December 13, 2013 | 3:53 pm



Comments deactivated

Arctic Alarm

This week’s Arctic news has been pretty drastic. The current autumn temperature is five degrees higher than the average. 2007 was the warmest year ever in the Arctic, since people started to record the temperature. The sea ice, as we know, has decreased dramatically.
This is all based on figures from NOAA, the US climate research body (National Oceanic and Atmospheric Administration).
NOAA statistics and reports
The Polarstern (translates as Pole Star), the research vessel belonging to the German polar agency AWI (Alfred Wegener Institute for Polar and Marine Research) returned to base after being the first research vessel to sail right round the north pole because the north-west passage was open as well as the north-east.

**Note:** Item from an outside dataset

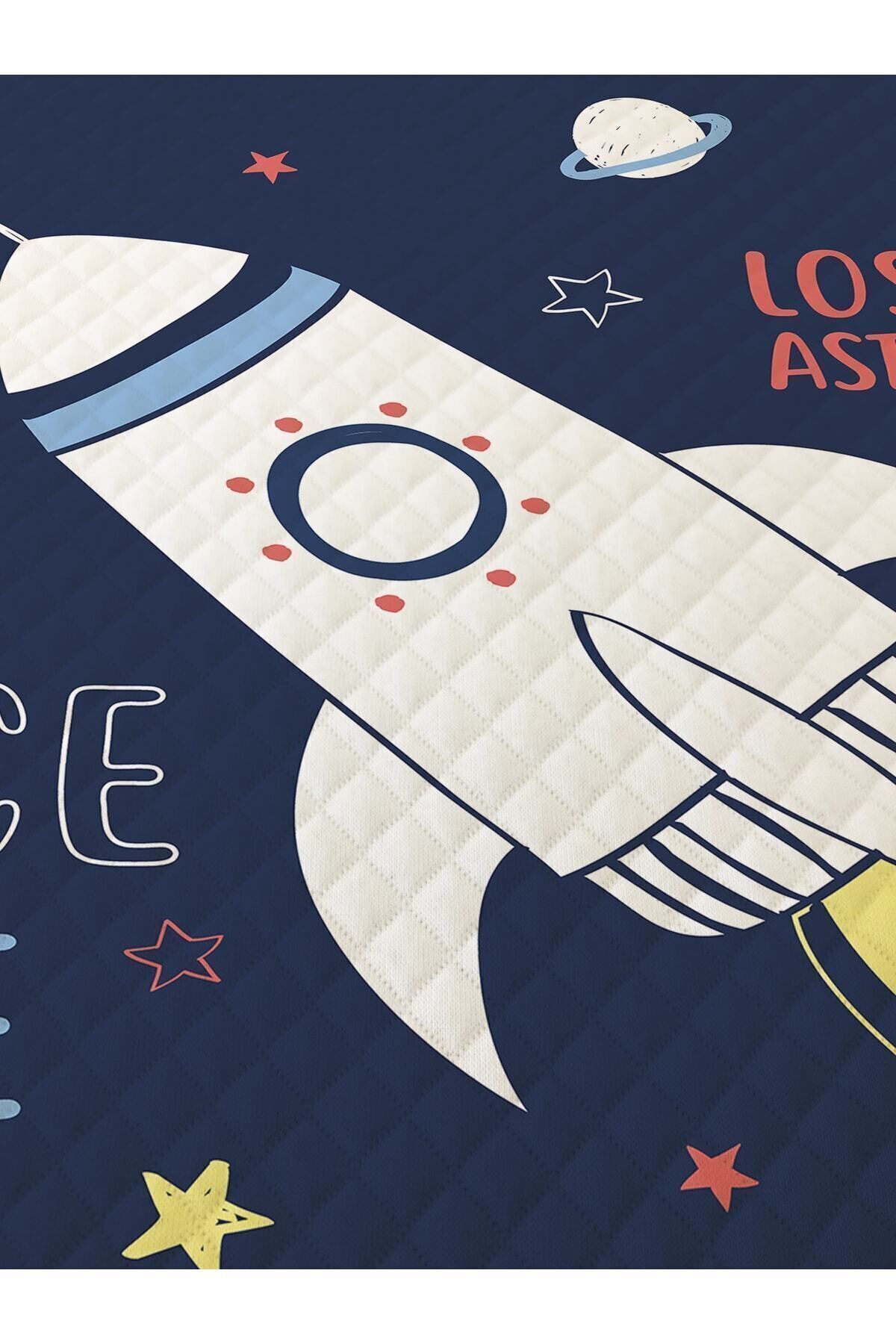 Evmila Roket Desenli Uzay Temalı Bebek Ve Çocuk Baskılı Tek Kişilik Pike Takımı 160x230 Lacivert fotoğrafı 4 (önizleme)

The Polarstern voyage around the North Pole
White ice and snow reflect heat back into the atmosphere. Water,open because the ice has melted, is darker and absorbs heat, warming the ocean further. The Arctic is heating up at an alarming rate.
“Rudy” sent a comment in to the Ice Blog. He still isn’t convinced about global warming, it seems. I’m still trying to understand how that can be and what his point of view is.

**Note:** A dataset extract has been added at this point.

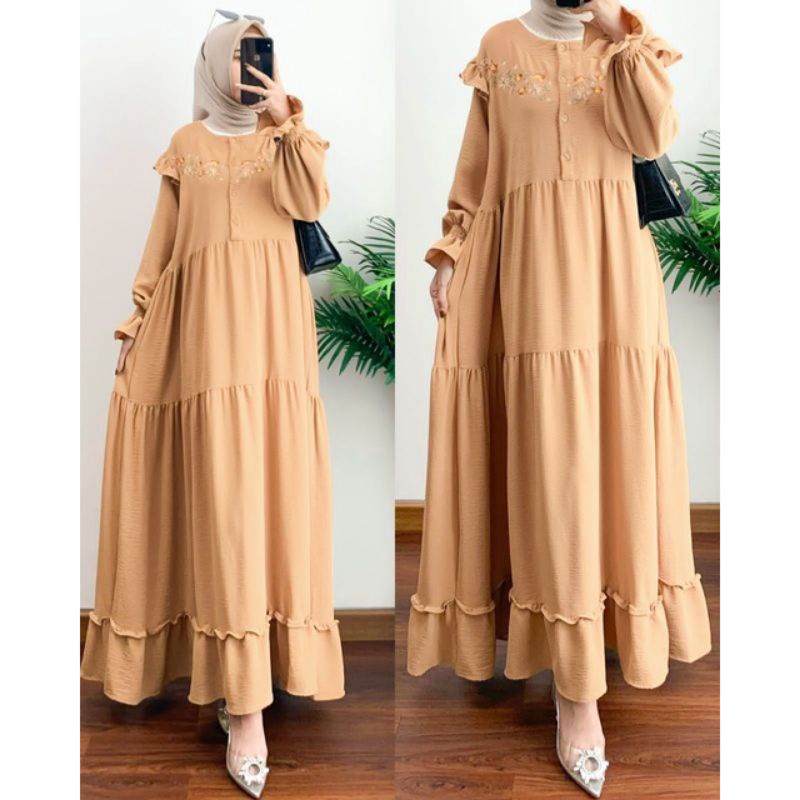 MOSSA BIRDA BORDIR MIDI DRESS MAXY CRINGKEL BORDIR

Rudy, forgive me for not publishing the comment, but it contains abridged quotes from people without the context. Without being able to check the context, I can’t put them up here.
I’m happy to pick up on some of your points, though.
You’re right. Thankfully, the Arctic was not ice-free in 2008.(I didn’t think it would be, neither did most reliable sources I follow). But sea-ice cover hit a record low in 2007 and is not recovering. The North-West passage has been open. And the warming trend is continuing. Changes in flora and fauna are being witnessed and recorded. This is happening. And things are changing fast.
You say winds and circulation are causes of sea-ice melting, not global warming. Sure, winds and circulation play an important role. Nobody would dispute that. But these factors are all connected. And the climate is changing. I’ve talked to scientists from all over the world who are desperately trying to make predictions for the future. Nobody has a crystal ball. But we know humankind is pumping masses of CO2 into the atmosphere, melting permafrost is releasing methane, an even more powerful greenhouse gas, into the atmosphere at an increasing rate. Of course there are natural climate cycles. But we are having our own effect.
I was talking to some British friends this weekend, who suggested we should really get away from the misleading “global warming” talk and refer to “climate change”. Apart from the jokes about the British wanting warmer weather anyway – of course climate change manifests itself in colder weather in some places at some times. Is it just the “global warming” term that bothers you?
What bothers me right now is that our EU countries are thinking about reducing their commitment to climate-saving measures because of the global financial crisis. If we don’t take action now, we might not have a globe we can live on, let alone finances to worry about.
I wish someone could convince me that’s too pessimistic?